Figure 12.3 provides further information on the marginal value functions of the attributes in the models, which indicate how the firms are evaluated under each risk-assessment criterion. The results are quite robust over all six models developed over different time periods. In terms of the ROA indicator, the form of the corresponding marginal value function shows that firms with positive ROA receive much higher rating compared to firms whose profitability is negative. A similar result is also evident for the long-term leverage ratio (EQ/LTD). Finally, as far as size is concerned, the performance score of the firms increases (almost in a linear way) for firms with market capitalization approximately above 700 million euros. Such insights provide analysts with useful information about the rating models, thus enhancing their transparency and comprehensibility, which has been found to be important for their successful use in practice (Martens and Baesens 2010; Martens et al. 2011).

TABLE 12.4 Trade-offs (in %) of the Attributes.

FIGURE 12.3 Marginal value functions.

TABLE 12.5 Classification Accuracies (in %) for the Holdout Samples.

Table 12.5 presents results for the classification accuracies of all models in the holdout samples. Classification accuracy is defined as the ratio between the number of correct class assignments by a model (i.e., cases where the ratings estimated by the model coincide with the actual ratings) to the total number of observations being rated. All the reported results involve the holdout samples, which correspond to future time periods compared to the data used to fit the models. Table 12.5 reports the accuracy rates separately for cases in investment and speculative grades, together with the overall accuracy. For comparative purposes, the overall accuracies of models fitted with logistic regression (LR) are also presented. LR is probably the most popular method used by researchers and practitioner for constructing credit scoring and rating models. The results indicate that the accuracy rates of the multicriteria models are consistently higher for investment-rated firms, whereas firms rated in speculative grades are more difficult to describe. The overall accuracy of all models is consistently higher than 81 percent, and the proposed multicriteria methodology provides more accurate results compared to logistic regression.

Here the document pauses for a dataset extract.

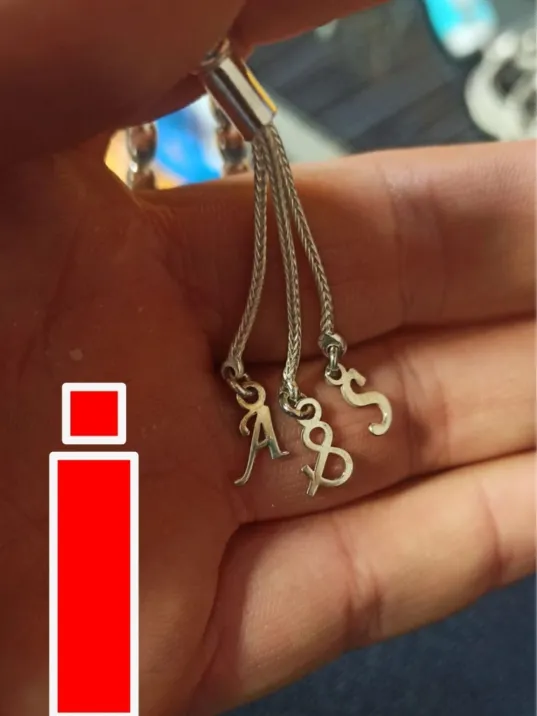 Tespih Püskülü İçin Gümüş Harf ve Şekil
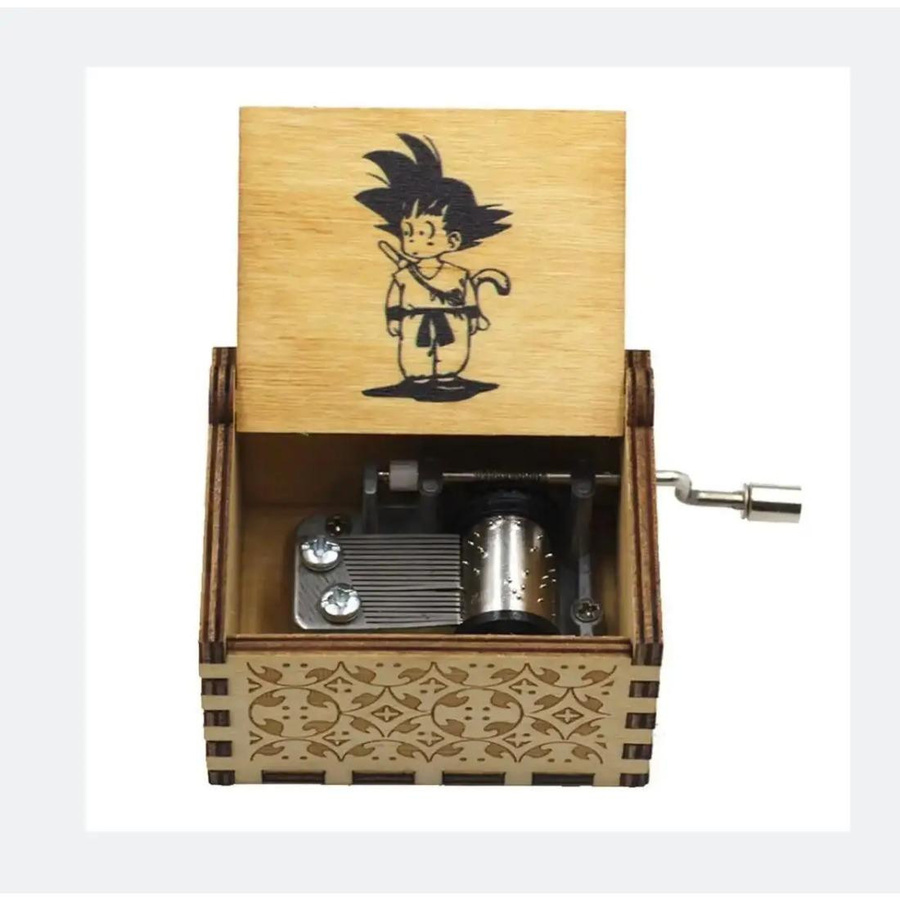 Yiran Furniture Holz Handkurbel Spieluhr Dragon Ball in Braun - Bild 1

CONCLUSIONS AND FUTURE PERSPECTIVES

The analysis of the ratings issued by CRAs has received much attention in the financial literature, due to their significance in the context of credit risk management and their widespread use by investors, policymakers, and managers. In this study, we sought to explain and predict the credit ratings issued by S&P on the basis of financial and market data, using a cross-country panel data set from Europe over the period 2002–2012. For the analysis, an innovative nonparametric multicriteria technique was employed, which is based on a linear programming formulation for fitting additive credit-risk rating models to data.

The results showed that the market capitalization appears to be the dominant factor for explaining the credit ratings of European firms. Profitability was also found to be an important dimension, together with long-term leverage, which has become an important issue, particularly after the outbreak of the crisis. The developed multicriteria models exhibit good and robust behavior, whereas its performance was found to be superior to logistic regression.

These empirical results could be extended in a number of directions. First, additional predictor attributes could be considered, focusing on macroeconomic factors, which could be of particular importance over the business cycle and during economic turmoil, providing a better description of cross-country differences. Data related to market sentiment and information from the CDS markets could also be useful for predicting credit ratings by complementing the estimates of structural models with timely findings on market trends. Variables related to regulatory frameworks (Cheng and Neamtiu 2009) and corporate governance (Alali et al. 2012) are also important for the analysis of credit ratings in a comprehensive context. Second, except for only focusing on static analyses of credit ratings, the explanation and prediction of rating changes is also a crucial point of major interest to market participants. The investigation could also be extended to cover nonlisted companies. Finally, the combination of financial data, structural models, and credit ratings in an integrated risk management context could be considered, in accordance with the findings reported in recent studies (e.g., Das et al. 2009; Hilscher and Wilson 2013) on the possible synergies that can be derived by combining different types of risk models and measures in credit risk assessment.

REFERENCES

Alali, F., A. Anandarajan, and W. Jiang. 2012. The effect of corporate governance on firms credit ratings: Further evidence using governance score in the United States. Accounting and Finance 52 (2): 291–312.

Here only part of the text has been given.